**TASK GOAL:** Only lines with the string "flowers" are wanted. Pull them out of the data.

**DATA TO USE:**
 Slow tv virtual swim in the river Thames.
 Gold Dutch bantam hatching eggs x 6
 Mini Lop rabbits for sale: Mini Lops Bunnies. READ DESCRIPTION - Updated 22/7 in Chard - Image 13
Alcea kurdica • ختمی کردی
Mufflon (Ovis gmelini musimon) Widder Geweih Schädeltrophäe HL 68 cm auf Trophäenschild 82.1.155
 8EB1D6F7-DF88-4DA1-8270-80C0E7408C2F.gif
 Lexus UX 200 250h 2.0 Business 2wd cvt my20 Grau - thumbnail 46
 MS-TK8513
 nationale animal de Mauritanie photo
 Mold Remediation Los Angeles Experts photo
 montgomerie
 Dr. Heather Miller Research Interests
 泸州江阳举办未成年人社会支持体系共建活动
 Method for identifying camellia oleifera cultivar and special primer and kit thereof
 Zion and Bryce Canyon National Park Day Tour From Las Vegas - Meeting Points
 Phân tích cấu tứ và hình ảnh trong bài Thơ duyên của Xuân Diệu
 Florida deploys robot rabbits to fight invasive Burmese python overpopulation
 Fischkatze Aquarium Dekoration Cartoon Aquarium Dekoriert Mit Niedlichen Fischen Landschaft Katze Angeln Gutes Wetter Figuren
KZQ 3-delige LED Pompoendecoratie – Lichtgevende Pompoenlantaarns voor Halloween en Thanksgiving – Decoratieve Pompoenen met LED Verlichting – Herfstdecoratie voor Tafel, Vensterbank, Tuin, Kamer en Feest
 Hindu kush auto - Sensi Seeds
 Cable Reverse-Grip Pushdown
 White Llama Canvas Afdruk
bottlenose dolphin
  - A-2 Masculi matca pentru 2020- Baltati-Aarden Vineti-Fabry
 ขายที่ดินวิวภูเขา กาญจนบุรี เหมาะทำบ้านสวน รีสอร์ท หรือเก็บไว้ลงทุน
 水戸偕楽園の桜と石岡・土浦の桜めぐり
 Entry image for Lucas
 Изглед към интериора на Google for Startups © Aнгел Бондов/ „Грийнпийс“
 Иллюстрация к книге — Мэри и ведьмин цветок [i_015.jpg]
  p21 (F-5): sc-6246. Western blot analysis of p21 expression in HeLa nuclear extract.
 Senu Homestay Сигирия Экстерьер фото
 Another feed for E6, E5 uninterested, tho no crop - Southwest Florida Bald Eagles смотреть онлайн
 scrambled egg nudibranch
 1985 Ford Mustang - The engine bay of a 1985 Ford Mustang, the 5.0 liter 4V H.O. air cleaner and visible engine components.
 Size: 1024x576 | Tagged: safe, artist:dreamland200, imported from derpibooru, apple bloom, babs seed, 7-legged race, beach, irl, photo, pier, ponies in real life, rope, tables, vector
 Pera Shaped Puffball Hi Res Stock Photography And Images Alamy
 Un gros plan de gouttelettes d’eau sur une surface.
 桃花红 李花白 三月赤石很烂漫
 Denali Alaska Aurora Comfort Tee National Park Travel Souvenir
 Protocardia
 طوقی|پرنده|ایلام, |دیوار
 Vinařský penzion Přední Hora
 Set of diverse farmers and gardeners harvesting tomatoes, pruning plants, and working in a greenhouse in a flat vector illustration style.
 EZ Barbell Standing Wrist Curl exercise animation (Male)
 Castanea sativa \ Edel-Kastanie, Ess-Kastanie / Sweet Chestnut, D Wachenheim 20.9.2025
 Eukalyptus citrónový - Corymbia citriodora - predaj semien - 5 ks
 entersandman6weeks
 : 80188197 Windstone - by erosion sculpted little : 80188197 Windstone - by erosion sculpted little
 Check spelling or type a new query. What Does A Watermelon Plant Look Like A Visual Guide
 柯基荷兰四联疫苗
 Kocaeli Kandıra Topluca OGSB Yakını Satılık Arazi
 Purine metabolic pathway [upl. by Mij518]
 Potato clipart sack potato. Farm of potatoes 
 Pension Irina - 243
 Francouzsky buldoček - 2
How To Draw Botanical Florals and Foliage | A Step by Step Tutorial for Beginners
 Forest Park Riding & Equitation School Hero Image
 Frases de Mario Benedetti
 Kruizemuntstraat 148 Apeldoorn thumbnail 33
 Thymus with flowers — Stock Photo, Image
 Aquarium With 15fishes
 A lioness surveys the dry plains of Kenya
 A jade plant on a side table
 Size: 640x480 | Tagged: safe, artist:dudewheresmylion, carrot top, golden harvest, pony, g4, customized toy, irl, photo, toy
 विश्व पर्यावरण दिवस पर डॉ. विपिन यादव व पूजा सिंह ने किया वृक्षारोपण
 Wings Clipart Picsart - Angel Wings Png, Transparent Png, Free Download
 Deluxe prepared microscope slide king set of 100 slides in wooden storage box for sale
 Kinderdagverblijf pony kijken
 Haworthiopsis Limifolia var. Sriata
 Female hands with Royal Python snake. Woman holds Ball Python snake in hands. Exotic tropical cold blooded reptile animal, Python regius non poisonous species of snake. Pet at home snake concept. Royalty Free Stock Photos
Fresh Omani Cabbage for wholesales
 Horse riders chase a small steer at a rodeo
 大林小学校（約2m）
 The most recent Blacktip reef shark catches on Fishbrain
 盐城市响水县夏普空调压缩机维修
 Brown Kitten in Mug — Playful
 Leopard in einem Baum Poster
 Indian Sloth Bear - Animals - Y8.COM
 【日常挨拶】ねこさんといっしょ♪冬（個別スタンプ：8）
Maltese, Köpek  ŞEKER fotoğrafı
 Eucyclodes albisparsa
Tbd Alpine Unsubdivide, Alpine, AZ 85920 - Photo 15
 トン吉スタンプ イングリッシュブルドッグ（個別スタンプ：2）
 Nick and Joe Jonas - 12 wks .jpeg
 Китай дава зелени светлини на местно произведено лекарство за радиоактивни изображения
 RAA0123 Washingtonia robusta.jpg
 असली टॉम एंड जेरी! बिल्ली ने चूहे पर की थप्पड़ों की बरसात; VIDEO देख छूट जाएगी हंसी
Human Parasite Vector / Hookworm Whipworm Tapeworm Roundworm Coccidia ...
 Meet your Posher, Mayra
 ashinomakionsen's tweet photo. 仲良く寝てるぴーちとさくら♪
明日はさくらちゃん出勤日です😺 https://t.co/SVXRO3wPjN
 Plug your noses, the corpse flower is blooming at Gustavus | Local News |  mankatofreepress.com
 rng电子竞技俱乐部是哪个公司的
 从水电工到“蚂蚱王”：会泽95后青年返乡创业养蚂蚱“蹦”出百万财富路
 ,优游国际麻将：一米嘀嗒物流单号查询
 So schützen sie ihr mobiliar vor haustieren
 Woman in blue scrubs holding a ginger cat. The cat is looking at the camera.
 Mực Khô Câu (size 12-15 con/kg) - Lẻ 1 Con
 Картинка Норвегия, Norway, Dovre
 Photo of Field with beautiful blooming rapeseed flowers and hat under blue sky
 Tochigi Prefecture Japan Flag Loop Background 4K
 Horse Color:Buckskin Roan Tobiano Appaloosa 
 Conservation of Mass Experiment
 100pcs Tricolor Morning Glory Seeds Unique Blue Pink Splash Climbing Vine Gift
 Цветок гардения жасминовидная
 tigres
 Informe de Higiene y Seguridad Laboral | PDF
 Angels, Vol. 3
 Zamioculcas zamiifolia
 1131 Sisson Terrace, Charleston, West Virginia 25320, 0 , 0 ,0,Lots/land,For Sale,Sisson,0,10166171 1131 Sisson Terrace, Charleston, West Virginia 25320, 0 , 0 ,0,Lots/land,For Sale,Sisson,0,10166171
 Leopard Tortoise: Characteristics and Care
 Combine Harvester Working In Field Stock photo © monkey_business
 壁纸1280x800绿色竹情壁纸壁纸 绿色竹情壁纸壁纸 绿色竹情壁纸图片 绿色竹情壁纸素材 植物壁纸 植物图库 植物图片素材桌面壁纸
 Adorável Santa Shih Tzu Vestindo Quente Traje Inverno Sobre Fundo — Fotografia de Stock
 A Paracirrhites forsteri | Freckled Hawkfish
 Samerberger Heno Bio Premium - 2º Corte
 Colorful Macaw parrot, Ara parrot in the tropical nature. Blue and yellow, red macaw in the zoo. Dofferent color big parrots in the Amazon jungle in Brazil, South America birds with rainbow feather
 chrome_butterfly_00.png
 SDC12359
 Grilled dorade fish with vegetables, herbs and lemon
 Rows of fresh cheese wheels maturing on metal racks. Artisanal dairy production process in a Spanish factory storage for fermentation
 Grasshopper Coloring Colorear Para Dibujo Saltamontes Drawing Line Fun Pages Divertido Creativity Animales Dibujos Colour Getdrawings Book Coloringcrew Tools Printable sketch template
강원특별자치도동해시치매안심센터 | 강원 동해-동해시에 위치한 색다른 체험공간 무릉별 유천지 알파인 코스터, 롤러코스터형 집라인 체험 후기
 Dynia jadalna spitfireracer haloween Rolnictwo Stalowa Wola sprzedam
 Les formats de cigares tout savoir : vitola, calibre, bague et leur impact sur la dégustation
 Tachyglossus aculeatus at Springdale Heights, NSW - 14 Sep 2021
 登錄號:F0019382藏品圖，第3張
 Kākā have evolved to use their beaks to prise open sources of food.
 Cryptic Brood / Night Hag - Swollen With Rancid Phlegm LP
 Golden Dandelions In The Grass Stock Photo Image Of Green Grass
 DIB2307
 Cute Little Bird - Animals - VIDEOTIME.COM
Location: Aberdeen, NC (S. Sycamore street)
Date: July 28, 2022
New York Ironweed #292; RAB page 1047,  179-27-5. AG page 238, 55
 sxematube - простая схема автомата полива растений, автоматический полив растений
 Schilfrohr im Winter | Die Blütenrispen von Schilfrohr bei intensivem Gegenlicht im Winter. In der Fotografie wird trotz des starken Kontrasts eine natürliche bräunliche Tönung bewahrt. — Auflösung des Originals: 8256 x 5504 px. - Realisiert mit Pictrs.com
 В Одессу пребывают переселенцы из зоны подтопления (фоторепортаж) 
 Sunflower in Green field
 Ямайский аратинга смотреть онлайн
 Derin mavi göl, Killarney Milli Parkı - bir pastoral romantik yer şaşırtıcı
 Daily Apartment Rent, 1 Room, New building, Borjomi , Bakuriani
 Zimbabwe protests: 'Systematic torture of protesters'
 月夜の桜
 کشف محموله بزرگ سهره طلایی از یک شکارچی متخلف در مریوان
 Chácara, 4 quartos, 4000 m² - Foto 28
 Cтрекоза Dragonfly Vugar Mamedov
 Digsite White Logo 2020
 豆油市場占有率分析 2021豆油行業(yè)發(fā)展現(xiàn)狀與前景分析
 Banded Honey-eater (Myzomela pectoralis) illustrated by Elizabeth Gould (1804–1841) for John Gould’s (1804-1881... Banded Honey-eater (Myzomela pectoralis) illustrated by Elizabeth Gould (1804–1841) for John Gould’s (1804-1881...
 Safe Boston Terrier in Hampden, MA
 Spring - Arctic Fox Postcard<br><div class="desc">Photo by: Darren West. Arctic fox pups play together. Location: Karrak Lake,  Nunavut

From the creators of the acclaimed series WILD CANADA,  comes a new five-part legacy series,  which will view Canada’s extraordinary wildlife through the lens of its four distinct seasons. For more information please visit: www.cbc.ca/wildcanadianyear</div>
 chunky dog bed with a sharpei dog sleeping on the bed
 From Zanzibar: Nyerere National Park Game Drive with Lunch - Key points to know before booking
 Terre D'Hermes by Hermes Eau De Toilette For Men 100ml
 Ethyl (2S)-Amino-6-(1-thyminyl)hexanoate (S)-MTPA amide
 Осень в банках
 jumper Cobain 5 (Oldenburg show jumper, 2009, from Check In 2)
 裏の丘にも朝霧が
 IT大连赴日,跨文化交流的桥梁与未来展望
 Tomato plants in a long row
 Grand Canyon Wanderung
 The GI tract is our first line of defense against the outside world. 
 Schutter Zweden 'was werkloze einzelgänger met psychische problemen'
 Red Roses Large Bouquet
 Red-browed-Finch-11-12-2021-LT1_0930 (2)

**RESPONSE TO THIS TASK:**
 Thymus with flowers — Stock Photo, Image
 Photo of Field with beautiful blooming rapeseed flowers and hat under blue sky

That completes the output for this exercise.